WHAT TO WORK ON: From the line below containing "20781 Low Gap Ln - Photo 3 of 32" to the final line, print each line exactly as written. No pictures belong in the copy.

DATA:
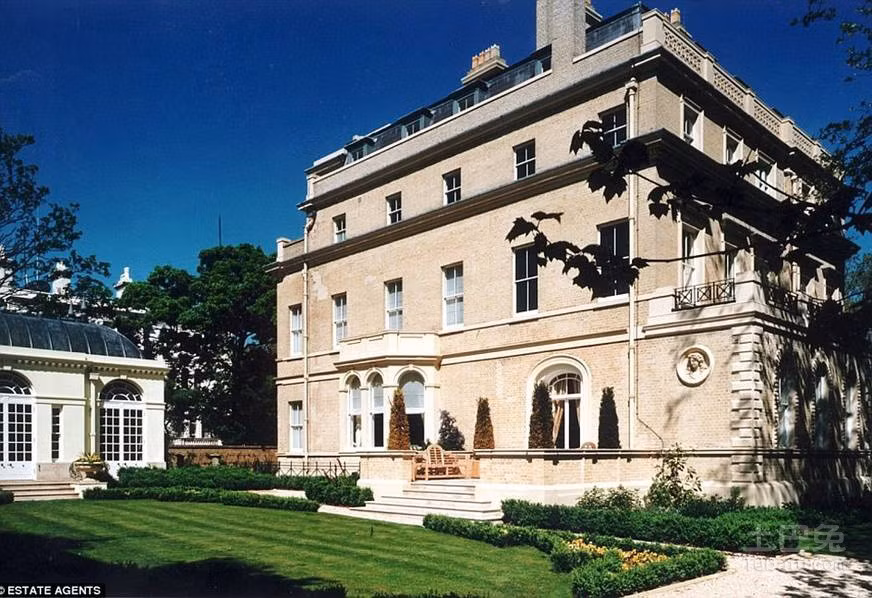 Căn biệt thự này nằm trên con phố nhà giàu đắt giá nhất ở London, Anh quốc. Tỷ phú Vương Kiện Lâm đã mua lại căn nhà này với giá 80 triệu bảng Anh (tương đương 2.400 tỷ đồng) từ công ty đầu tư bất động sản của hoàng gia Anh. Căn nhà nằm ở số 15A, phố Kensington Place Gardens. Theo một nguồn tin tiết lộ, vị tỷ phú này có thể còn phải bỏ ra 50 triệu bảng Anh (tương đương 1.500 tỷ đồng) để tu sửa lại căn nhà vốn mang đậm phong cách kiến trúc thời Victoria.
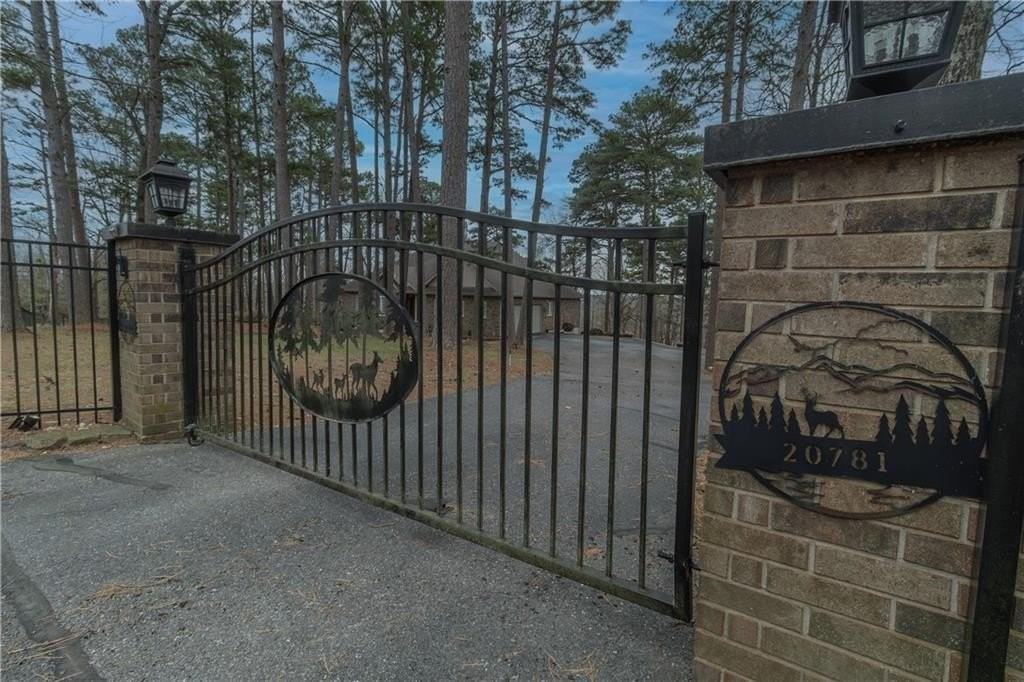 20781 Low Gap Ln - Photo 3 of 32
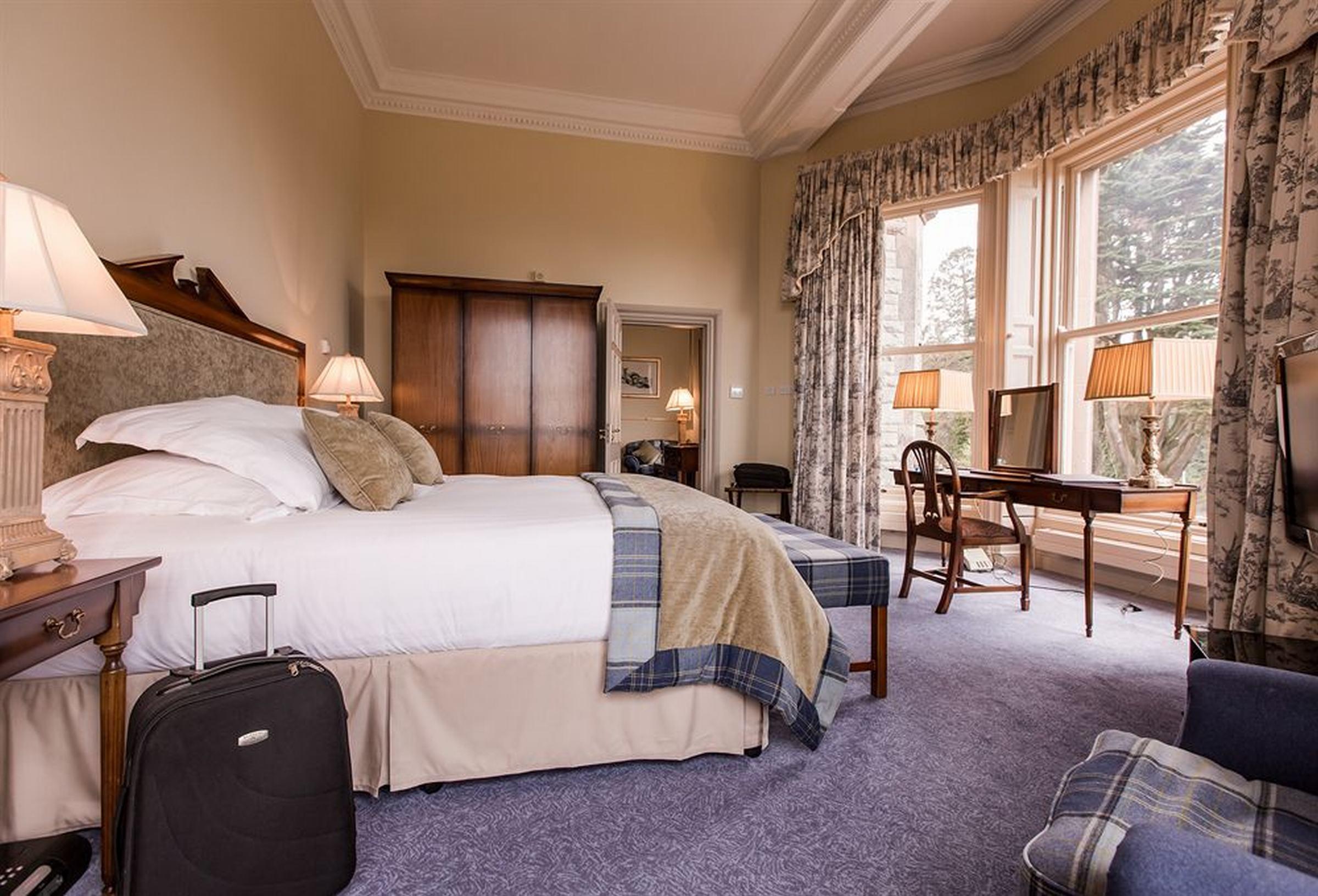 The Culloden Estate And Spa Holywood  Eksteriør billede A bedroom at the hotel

ANSWER TO THIS TASK:
 20781 Low Gap Ln - Photo 3 of 32
 The Culloden Estate And Spa Holywood  Eksteriør billede A bedroom at the hotel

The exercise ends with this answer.